The Heritage Foundation highlights Sen. David Vitter’s (R-LA) 6 reasons to oppose comprehensive immigration.
IST. The Internet sales tax would certainly harm small businesses. Catesby Jones is a small business owner in Virginia whose business is made possible by the internet. He says he is very concerned about his business and other businesses like his if the Internet sales tax becomes law:
Proponents of the Internet sales tax want to make me a tax collector for 9,646 tax jurisdictions. Their misguided efforts could make Peace Frogs at risk for audits by 46 states, the District of Columbia and countless other U.S. territories.
We need as much help as we can get to educate Americans about this.

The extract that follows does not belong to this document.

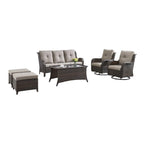 Gymojoy 2 Piece Outdoor Ottoman Wicker Patio Ottomans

OBAMACARE. Today, HHS secretary Kathleen Sebelius will testify before Congress so that they can determine whether her recent fundraising efforts for Obamacare were done unethically and potentially illegally. Thus far, she has failed to be forthcoming about her actions and fundraising solicitations:
Earlier this month, it was revealed that Sebelius has gone to various undisclosed health care companies asking for money to promote Obamacare. That money will go to an outside group that will help implement the cost-increasing law. The problem here is two-fold: First, Congress didn’t authorize the department to spend money in this way. Second, it could be a conflict of interest if she asked for money from companies that her department regulates. In other words, if they didn’t do as she wished, she would have the power to come after them. Before you assume that the federal government is above such behavior, consider the IRS.
On top of that, the outside private group, Enroll America, is run by a cadre of former Obama administration officials and Obama supporters. President Obama’s political allies could benefit from the Sebelius shakedown.